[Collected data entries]
________________________________________

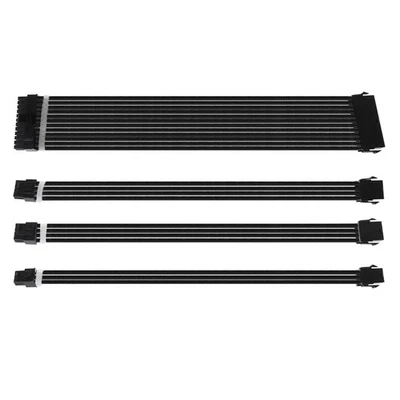 30cm PC Power Extension Cable Kit-Sleeved 18AWG (24-Pin, 4+4-Pin CPU, 2x6+2-Pin - Image 1 of 4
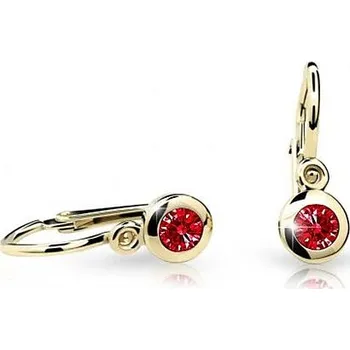 Náušnice Cutie Kids Jewellery c1537-10-40-x-1 Zlaté dětské náušnice na brizuru Cutie C1537 Ruby Dark – zlatý šperk ryzosti 585/1000 v Dárkovém balení s Certifikátem GBEYRB-00136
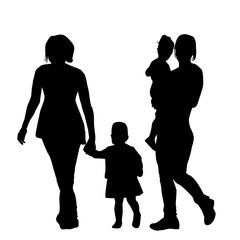 Family silhouette with two mothers and two children.eps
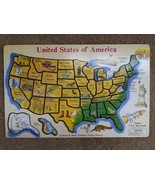 Melissa & Doug Wooden USA Map - Like New  - £9.57 GBP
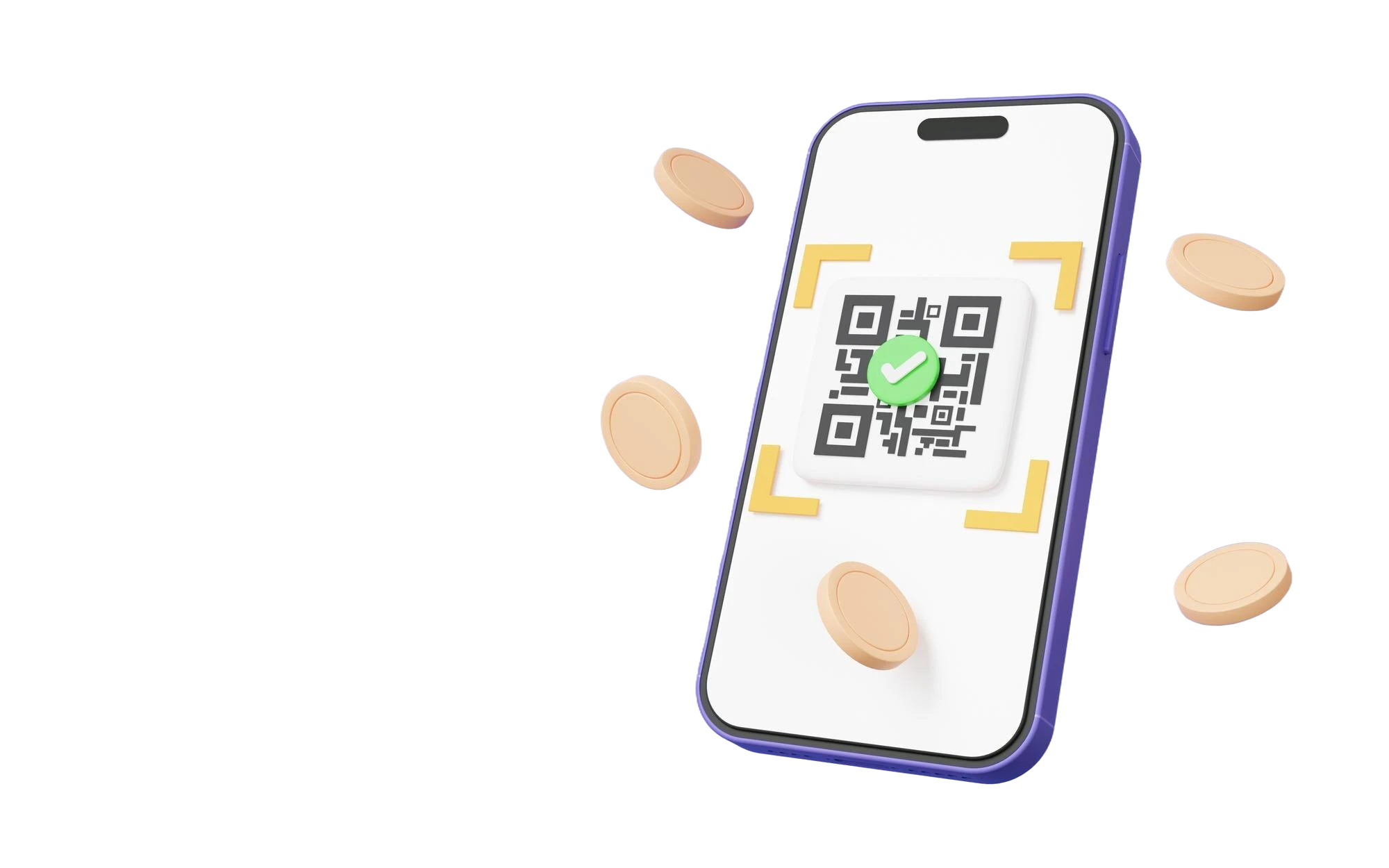 LinkDevi QR Code Generator - Scan, Track, and Customize 3D smartphone scanning a QR code with verification checkmark - LinkDevi free QR code generator with customizable colors, PNG and SVG export, and real-time scan tracking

________________________________________

### Task statement
Return all of the records above exactly as written. Omit each picture.

### Answer section
 30cm PC Power Extension Cable Kit-Sleeved 18AWG (24-Pin, 4+4-Pin CPU, 2x6+2-Pin - Image 1 of 4
 Náušnice Cutie Kids Jewellery c1537-10-40-x-1 Zlaté dětské náušnice na brizuru Cutie C1537 Ruby Dark – zlatý šperk ryzosti 585/1000 v Dárkovém balení s Certifikátem GBEYRB-00136
 Family silhouette with two mothers and two children.eps
 Melissa & Doug Wooden USA Map - Like New  - £9.57 GBP
 LinkDevi QR Code Generator - Scan, Track, and Customize 3D smartphone scanning a QR code with verification checkmark - LinkDevi free QR code generator with customizable colors, PNG and SVG export, and real-time scan tracking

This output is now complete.